Freezer paper is used extensively by quilters for a variety of purposes. I use it mostly for machine applique. Some people use it for paper piecing. It is also used for making compass stars (complex patterns that require accuracy).

Iron the shiny side of the freezer paper to the wrong side of your blocks. It peels off easily and should not interfere with your interfacing. I am assuming the interfacing was ironed to the t-shirt material, so the side that you would iron the freezer paper to should not have fusible on it.

meyert 05-31-2013 02:31 PM

Thanks for the tip on freezer paper... I am going to google that for ideas. But I am confused you said to iron the shiny side of the freezer paper to the wrong side of your blocks.... then you also said that the side that you would iron the freezer paper to should not have fusible on it...... my fusible interfacing is on the wrong side of my block (the back side) What am I misunderstanding???

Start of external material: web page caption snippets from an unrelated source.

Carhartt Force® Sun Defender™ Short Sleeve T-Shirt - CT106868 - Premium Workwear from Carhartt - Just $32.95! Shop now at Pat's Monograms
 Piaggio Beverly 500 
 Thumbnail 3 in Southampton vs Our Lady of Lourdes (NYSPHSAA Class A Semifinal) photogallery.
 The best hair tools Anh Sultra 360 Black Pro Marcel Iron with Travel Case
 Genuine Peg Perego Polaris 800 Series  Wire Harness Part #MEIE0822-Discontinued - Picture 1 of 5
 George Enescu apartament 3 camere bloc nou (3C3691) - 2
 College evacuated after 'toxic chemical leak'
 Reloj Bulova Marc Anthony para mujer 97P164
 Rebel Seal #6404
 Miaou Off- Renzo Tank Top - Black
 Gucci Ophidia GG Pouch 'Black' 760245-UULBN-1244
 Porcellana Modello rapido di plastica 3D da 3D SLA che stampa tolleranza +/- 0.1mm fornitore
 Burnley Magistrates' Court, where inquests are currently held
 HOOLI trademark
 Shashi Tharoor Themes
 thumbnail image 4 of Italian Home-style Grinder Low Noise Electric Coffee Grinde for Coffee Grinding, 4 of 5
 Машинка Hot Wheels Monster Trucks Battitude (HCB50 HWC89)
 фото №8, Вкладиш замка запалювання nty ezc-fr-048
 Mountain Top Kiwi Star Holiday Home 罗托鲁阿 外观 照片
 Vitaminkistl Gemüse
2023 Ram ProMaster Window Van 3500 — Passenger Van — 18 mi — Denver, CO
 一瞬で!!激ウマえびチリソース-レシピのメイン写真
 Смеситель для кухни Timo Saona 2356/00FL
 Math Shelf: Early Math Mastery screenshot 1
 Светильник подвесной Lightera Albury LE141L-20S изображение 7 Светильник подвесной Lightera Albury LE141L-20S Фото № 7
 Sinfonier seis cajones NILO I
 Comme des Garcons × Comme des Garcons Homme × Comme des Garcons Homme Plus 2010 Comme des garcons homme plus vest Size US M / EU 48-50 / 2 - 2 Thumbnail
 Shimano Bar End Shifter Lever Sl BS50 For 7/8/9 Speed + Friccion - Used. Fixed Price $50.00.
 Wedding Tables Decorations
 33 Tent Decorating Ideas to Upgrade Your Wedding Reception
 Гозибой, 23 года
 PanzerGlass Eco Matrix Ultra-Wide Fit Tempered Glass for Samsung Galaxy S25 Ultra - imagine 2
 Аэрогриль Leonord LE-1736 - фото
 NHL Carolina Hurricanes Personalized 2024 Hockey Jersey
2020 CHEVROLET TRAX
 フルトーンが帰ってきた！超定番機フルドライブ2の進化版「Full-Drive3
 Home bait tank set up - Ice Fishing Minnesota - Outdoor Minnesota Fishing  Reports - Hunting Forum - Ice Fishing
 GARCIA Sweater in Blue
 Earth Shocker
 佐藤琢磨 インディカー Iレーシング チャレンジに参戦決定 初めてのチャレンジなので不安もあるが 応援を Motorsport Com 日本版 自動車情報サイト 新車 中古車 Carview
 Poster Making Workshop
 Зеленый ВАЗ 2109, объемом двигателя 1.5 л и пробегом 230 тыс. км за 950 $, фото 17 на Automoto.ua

Prism99 05-31-2013 05:07 PM

How did you get your fusible interfacing to stick to your block??? I think the normal method is to iron the fusible to the t-shirt fabric, then cut your block. It is the fused interfacing that gives the t-shirt fabric stability. My understanding of interfacing is that it has fusible on one side. That is the side you iron to the fabric. Or did you use a two-sided fusible? I don't think two-sided fusibles are called interfacing, but maybe I am wrong about that.